[slurm-users] ticking time bomb? launching too many jobs in parallel

Fri Aug 30 18:55:23 UTC 2019

Hi Steven,

Those both sound like potentially good solutions.

So basically, you're saying that if I script it properly, I can use a
single job array to launch multiple scripts by using a master sbatch script.

My problem with that though, is what if each script (the 9 scripts in my
earlier example) each require different requirements? For example, run on a
different partition, or set a different time limit? My understanding is
that for a single job array, each job will get the same job requirements.

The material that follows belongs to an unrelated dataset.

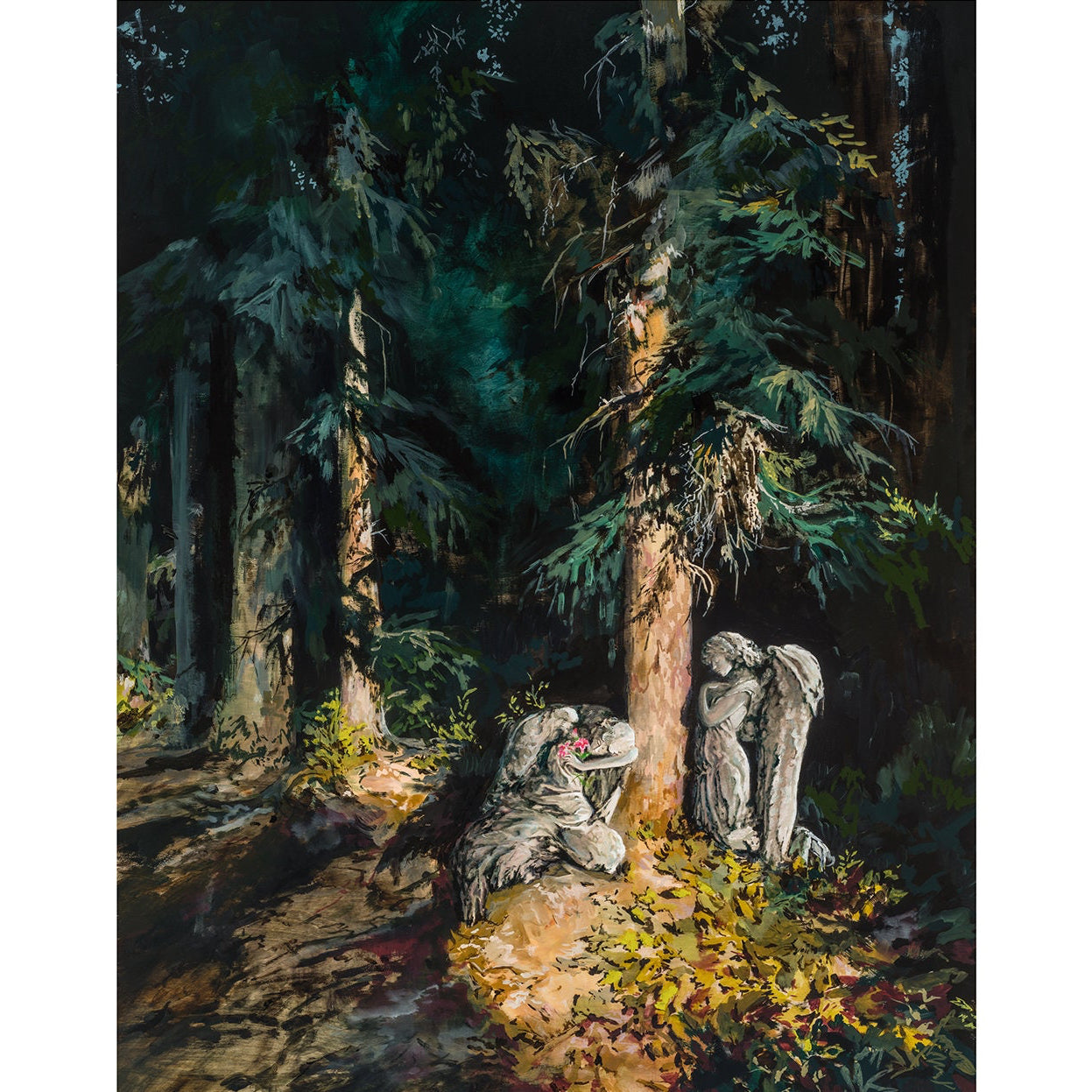 dark rough pine trees and stone figures standing around.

The other problem is that with the way I've implemented it, I can change
the max jobs dynamically.

I'll illustrate this using my earlier example. Suppose user 2 launches his
360 jobs with a 90 job limit (leaving 40 unused GPUs), and then user 3
realizes he needs to use 45 GPUs.

User 2 decides to drop his usage to 45 max jobs.

He can simply change the names of his pending singleton jobs to have 45
unique names, so that he will reduce his max jobs to 45 instead of 90 (I
wrote a script to do that, so it's a one liner for user 2)

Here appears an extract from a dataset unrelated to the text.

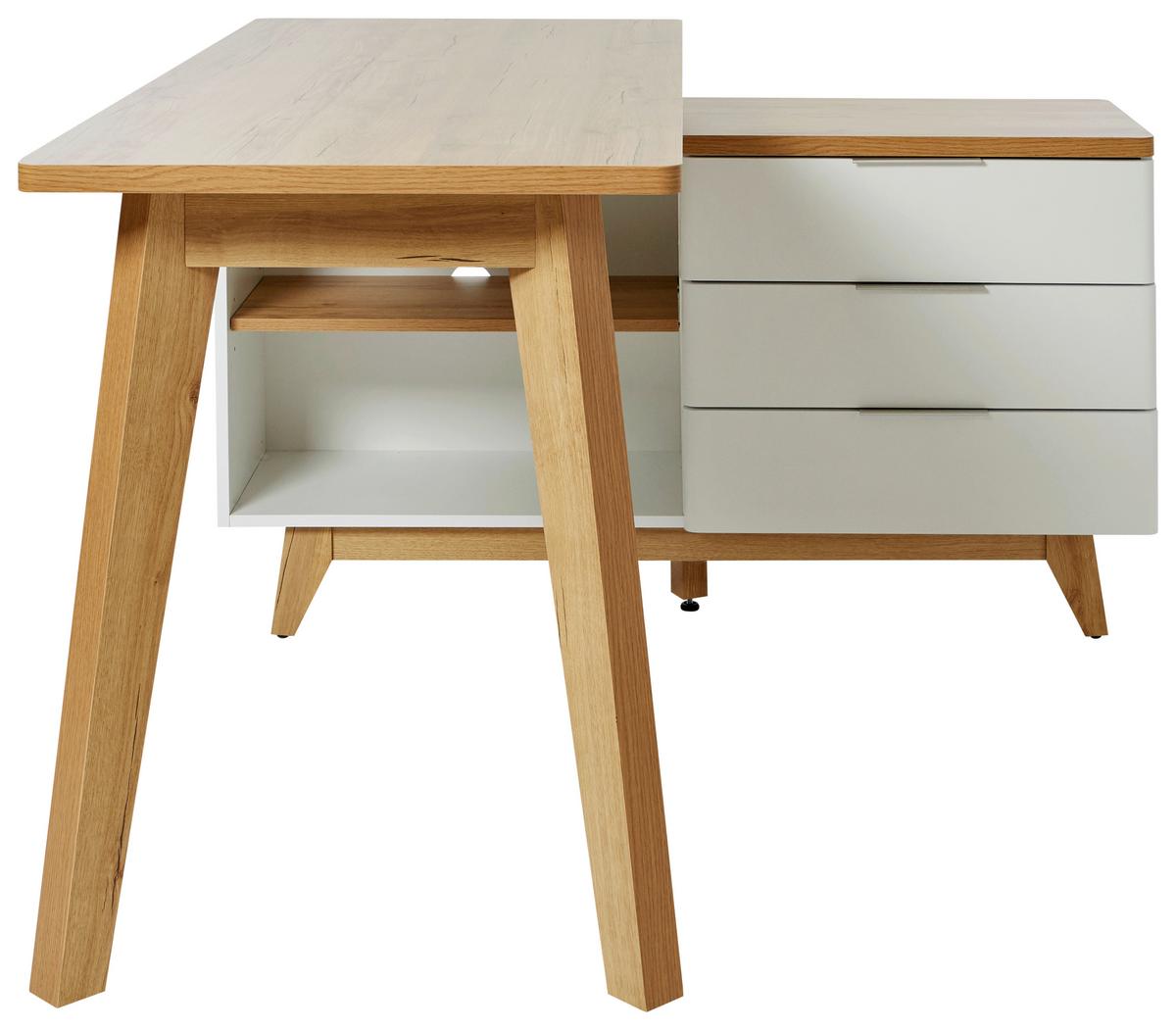 Eckschreibtisch Libre D 240 E - Eichefarben/Weiß, KONVENTIONELL, Holzwerkstoff (140/118/76cm) - Livetastic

Can the max job limit be modified after submission time using one big job
array?

In the docs it gives the '%' separator to limit the concurrent number of
jobs "--array=0-15%4" I could be wrong, but this sounds like a submit
time-only option that cannot be change after submission.

I also kindof like the varoius QOS for different job limits. I'm not sure
I'll be able to get the admin on board, but I'll bring it up. Even if I do
get them on board, will I have the same problem of locking the max limit at
submit time?

Can you change the QOS of a job when it's still pending?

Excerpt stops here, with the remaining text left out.